Sheer complexity increases the risk of compliance failure and, while compliance failures are more likely to be accidental than deliberate, the consequences for businesses (reputation, fines, diversion of effort) and individual directors (reputation, fines, diversion of effort) can still be devastating – particularly as shareholders and authorities expect boards to be pro-active in identifying risks and meeting compliance requirements. This makes strategic compliance management an important board responsibility, as well as a key executive business function

 

Executive roles

 

Information and information technology are fundamental to effective compliance, but this doesn’t mean that the CIO or CFO should be saddled with the compliance task. There is a clear argument, especially in larger organizations, for appointing a Corporate Compliance Officer (CCO). There is little point in such an appointment, though, unless the CCO can interact well with the CFO and the CIO and has the authority, staff, budget and board support to have an impact across the entire organization.

 

Successful compliance management is a major strategic objective of an IT governance framework. The CCO should have a board mandate to automate compliance management and this project – driven by a prioritised, cross-jurisdictional matrix and risk assessment of the whole enterprise compliance environment - should be integrated with every other future and ongoing IT project.

 

The major benefits of automated compliance management lie in cost and risk reduction. Manual compliance processes are disproportionately expensive and are insufficiently systematic to provide the board with assurance that all the requirements of a complex compliance matrix have been met. Automated compliance management, however, is inadequate on its own. Organizational culture must be aligned with the compliance objectives and performance benchmarking should be deployed to help turn the compliance program into a competitive advantage.

 

The first advantage is in ROI. Every business faces similar compliance demands to every other similar business. Those who most cost-effectively meet those demands, with the least diversion of management time and effort, are going to have a better return on their compliance management investment.
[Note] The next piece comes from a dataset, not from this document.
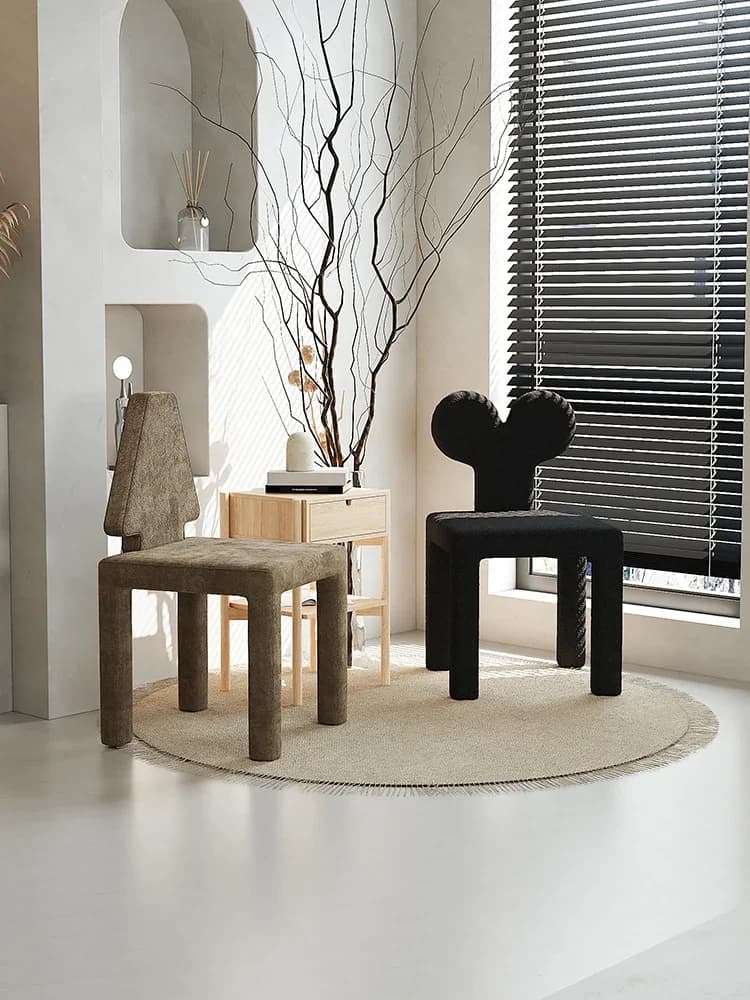 Blocchi di costruzione geometrici, sgabello da toeletta, designer della camera da letto di casa, schienale creativo, sedie in lana di agnello mobili nordici, sedia da trucco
This makes benchmarking a value-adding service: vendors like Benchmark Express, for instance, can identify the extent to which an organization’s total cost of ownership (TCO) of a particular software solution (such as SAP) deviates from best practice, as well as the extent to which it is actually delivering the compliance benefits expected of it.

 

The second advantage is in market share. Customers – both corporate and consumer - are increasingly building compliance profile into their choice of supplier. This gives those businesses that have built compliance into their fabric a competitive edge in winning new business.

 

The third advantage is in shareholder support. Governance and compliance are now part of almost every institutional investor’s assessment process. Those organizations that have a transparent governance and compliance regime have – all other things being equal – a significant advantage over those who don’t.

 

Your IT governance framework should provide a structured, coherent approach to this complex exposure. The same information that is the lifeblood of business management is also the subject of the compliance regime. The technology has to underpin delivery of ALL the strategic business objectives, from market share to cost reduction, and simultaneously ensure that the strategic compliance requirements are met. The board needs certainty in all these areas and that means it needs a transparent approach to IT governance.

 A compliance strategy, executed within an IT governance framework, should also give board members enough comfort for them to again invest most of their time in driving the business forward.